What is the largest GEDmatch Superkit in WikiTree?

Question

What is the largest GEDmatch Superkit in WikiTree?

The current FTDNA Family Finder and MyHeritage tests do have minor differences (for want of their own, internal naming conventions, MyHeritage v2.0 tests 610,128 SNPs--they may be up to a v2.1 now, but I don't have the data--and FTDNA Family Finder v3.1 tests 613,624 SNPs). They both use the same Illumina GSA chip, but the optional, programmable microarray probes differ a bit; MyHeritage selects more medically-related SNPs than FTDNA, for one. Combining the two into a GEDmatch superkit won't make a huge difference in overall coverage, though.

The greatest SNP coverage would come from someone who has taken a whole genome sequencing test and has included at least their VCF file(s) into the mix. However, GEDmatch discontinued VCF uploads last year, before my WGS data came back, so I never got the chance. Louis Kessler did, however, and described his superkit experience in one of his blog posts. A note here is that GEDmatch only accepts data in GRCh37/hg19 format, and I'm unaware of any WGS service that any longer uses that older reference genome map.

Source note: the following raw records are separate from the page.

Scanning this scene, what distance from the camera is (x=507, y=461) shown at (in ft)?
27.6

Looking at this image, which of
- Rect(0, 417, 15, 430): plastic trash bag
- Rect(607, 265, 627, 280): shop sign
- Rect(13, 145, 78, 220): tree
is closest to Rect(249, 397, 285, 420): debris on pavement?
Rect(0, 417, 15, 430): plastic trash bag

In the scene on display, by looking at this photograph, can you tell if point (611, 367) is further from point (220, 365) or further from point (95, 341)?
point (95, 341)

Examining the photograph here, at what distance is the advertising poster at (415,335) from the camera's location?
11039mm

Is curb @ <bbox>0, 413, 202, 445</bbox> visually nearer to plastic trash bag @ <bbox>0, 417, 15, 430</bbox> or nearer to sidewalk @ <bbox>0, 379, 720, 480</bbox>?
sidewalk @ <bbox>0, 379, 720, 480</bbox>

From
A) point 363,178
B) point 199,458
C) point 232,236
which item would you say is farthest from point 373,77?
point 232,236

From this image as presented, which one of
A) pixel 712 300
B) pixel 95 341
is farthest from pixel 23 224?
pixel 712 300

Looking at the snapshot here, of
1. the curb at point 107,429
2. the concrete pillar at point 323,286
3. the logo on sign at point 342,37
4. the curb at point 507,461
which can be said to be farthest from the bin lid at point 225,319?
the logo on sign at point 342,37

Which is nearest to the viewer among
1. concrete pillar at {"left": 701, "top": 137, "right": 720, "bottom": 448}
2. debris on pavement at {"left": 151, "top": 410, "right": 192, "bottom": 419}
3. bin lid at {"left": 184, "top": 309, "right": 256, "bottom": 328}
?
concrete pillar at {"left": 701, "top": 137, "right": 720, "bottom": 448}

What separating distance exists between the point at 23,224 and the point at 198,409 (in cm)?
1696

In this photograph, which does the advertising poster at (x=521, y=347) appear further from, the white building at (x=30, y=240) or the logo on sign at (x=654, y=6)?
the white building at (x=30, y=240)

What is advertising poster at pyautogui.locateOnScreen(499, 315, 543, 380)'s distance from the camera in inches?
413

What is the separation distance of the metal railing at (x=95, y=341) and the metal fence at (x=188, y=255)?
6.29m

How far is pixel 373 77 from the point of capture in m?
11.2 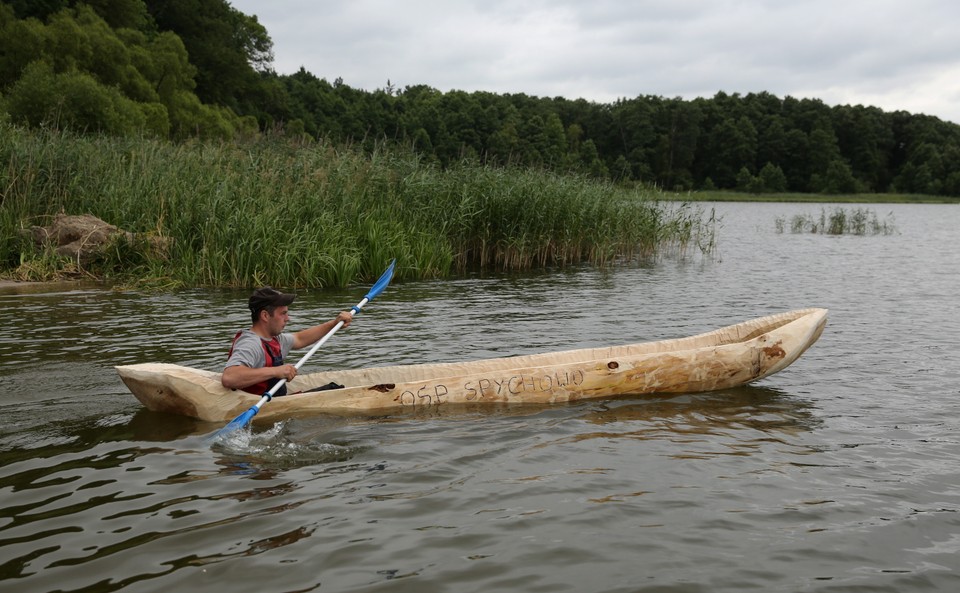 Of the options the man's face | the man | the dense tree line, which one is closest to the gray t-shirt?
the man

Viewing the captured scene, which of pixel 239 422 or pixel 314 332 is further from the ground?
pixel 314 332

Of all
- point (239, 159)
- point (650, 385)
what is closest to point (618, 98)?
point (239, 159)

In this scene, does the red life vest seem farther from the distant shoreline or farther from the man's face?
the distant shoreline

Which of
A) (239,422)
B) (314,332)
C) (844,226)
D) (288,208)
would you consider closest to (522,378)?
(314,332)

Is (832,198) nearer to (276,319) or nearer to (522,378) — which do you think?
(522,378)

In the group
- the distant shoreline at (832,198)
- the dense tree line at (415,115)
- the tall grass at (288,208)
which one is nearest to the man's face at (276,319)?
the tall grass at (288,208)

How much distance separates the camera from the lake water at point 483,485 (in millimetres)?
A: 3664

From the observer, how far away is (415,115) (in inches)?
1678

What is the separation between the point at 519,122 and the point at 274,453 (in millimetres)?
47313

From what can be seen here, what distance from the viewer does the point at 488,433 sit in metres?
5.79

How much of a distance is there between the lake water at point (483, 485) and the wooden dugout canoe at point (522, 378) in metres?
0.15

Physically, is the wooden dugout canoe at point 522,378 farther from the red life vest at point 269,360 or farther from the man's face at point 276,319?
the man's face at point 276,319

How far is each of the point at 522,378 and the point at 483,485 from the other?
180 centimetres

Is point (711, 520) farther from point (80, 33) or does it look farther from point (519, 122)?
point (519, 122) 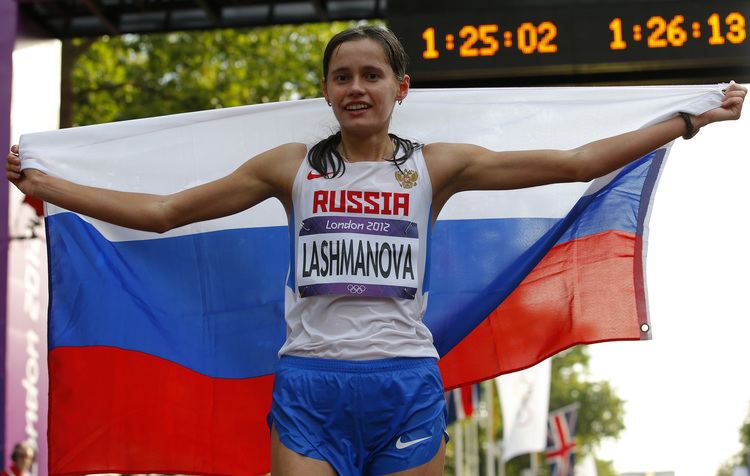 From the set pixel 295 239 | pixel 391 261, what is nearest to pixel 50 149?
pixel 295 239

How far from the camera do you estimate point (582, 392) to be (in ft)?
232

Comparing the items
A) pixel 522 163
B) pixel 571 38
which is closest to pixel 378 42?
pixel 522 163

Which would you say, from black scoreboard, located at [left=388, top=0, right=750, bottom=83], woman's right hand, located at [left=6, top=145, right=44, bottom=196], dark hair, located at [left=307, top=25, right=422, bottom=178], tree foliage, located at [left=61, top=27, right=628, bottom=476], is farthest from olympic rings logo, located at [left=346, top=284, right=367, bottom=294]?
tree foliage, located at [left=61, top=27, right=628, bottom=476]

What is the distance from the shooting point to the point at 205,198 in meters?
4.07

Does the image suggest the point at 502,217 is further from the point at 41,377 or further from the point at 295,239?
the point at 41,377

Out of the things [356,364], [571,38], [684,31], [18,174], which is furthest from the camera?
[571,38]

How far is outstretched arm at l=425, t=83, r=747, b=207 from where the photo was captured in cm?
404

A VCF contains only those alleles (not just named SNPs) where you differ from the applied reference genome, so ideally you'd want not just VCF data, but all the relevant alleles from your genome, as extracted from the BAM or FASTQ files. Dr. Ann Turner probably would, but I don't know how large the GEDmatch master database of SNPs actually is; it's certainly only a fraction of what's cataloged in dbSNP...and my guess is that it may still be smaller than the as many as 5 million SNPs that would be the baseline for mostly complete genomic differentiation between individuals.

There are ways to extract the data from WGS BAM or FASTQ files and convert the positions to GRCh37, but it isn't easy and requires significant computing power and space; a 30X coverage BAM can be up to about 60 gigabytes in its compressed, digital format; my two extracted FASTQ files are over 270 gigabytes in total. Can't exactly use Excel.

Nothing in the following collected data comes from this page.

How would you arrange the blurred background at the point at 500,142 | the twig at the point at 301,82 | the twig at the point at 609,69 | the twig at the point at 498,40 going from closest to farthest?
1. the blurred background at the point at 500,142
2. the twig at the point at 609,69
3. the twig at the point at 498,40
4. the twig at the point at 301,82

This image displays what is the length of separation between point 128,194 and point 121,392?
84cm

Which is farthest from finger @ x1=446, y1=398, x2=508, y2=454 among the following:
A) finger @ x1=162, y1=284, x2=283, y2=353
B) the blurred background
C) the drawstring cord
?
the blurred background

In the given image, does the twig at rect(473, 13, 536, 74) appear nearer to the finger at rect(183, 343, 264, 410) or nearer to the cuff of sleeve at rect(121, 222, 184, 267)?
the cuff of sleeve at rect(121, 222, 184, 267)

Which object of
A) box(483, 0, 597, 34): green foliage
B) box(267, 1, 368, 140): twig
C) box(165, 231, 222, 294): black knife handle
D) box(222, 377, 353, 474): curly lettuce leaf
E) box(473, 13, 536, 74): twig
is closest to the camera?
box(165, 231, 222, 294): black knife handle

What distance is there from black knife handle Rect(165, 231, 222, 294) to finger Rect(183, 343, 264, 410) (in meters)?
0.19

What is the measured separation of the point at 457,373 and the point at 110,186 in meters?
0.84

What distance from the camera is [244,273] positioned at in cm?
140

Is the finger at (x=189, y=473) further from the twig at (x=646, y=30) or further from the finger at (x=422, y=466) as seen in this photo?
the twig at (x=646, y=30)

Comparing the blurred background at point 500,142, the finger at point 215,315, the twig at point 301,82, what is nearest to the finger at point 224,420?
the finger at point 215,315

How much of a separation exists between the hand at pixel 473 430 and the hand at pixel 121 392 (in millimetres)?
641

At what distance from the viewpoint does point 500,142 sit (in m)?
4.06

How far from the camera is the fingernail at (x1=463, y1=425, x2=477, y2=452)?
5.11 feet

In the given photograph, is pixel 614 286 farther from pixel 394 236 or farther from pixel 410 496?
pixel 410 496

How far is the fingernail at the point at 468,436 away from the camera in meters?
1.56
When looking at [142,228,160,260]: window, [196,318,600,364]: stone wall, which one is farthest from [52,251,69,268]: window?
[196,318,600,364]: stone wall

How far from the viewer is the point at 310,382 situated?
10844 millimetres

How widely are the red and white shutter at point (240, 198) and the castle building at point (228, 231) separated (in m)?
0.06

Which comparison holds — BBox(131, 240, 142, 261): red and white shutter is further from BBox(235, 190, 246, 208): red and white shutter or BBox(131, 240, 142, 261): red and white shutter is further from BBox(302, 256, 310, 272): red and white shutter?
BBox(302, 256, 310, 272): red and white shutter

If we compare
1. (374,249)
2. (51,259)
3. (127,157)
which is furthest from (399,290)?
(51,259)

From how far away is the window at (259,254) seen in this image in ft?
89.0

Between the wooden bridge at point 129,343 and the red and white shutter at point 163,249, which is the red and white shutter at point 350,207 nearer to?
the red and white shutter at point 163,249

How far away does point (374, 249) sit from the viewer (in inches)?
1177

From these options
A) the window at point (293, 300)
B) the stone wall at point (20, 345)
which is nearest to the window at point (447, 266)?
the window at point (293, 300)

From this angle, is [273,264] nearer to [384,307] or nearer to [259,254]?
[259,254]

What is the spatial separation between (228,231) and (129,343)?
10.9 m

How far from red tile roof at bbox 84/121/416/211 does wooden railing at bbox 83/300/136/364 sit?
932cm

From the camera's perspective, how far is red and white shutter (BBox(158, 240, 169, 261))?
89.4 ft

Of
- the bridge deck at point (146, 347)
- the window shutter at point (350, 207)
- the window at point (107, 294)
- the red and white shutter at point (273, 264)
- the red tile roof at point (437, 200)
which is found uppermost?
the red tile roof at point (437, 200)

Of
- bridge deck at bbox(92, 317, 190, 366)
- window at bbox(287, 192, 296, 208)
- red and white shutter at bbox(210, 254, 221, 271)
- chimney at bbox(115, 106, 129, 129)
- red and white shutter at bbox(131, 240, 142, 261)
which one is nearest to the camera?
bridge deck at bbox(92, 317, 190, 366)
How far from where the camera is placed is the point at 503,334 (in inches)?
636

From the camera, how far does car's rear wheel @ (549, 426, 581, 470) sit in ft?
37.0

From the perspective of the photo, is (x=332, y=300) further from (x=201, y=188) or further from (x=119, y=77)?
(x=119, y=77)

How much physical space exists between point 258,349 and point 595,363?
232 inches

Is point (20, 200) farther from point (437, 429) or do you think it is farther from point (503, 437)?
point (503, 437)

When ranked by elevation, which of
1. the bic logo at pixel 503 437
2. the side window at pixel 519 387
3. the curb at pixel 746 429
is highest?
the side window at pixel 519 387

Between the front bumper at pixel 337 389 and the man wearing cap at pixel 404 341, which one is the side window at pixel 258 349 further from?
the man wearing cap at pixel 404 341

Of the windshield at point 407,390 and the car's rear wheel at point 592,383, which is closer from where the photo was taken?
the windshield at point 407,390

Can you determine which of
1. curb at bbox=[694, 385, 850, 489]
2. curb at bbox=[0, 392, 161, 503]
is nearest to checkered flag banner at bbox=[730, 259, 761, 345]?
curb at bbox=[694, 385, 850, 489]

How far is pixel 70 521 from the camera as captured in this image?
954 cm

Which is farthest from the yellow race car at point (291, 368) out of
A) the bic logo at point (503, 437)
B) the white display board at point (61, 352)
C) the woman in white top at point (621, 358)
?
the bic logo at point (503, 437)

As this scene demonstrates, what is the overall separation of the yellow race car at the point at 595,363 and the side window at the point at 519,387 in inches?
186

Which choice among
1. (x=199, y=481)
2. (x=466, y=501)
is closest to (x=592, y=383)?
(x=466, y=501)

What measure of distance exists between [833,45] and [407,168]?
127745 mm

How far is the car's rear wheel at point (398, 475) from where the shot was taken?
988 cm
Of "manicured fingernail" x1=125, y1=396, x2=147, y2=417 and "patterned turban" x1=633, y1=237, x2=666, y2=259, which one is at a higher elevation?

A quick final note is that some people will expect the greater number of SNPs in a GEDmatch superkit will equal more matches...but it doesn't really work that way. It's a bit like the additional refinement you get from upgrading a 37-marker yDNA test to 111 markers. You may gain a few new matches, but you'll see far more go away, especially if you use what I feel is a lowest criterion of 7cM and 500 SNPs (I typically use 1,000). The reason is that the additional SNPs uploaded can fill-in spaces in a presumed segment that had otherwise been empty (or below the mismatch bunching threshold) and then identify two smaller segments--under the reporting size threshold--where before one larger one was assumed.

The goal of using a superkit should be to gain accuracy, not to find more, as-yet-undiscovered, matches.

I won't post an answer because the measly 929,188 SNPs used on the superkit I list on WikiTree is going to be far from the largest. But someday I may find the time to do all the manipulation required to try to build a superkit from my WGS results.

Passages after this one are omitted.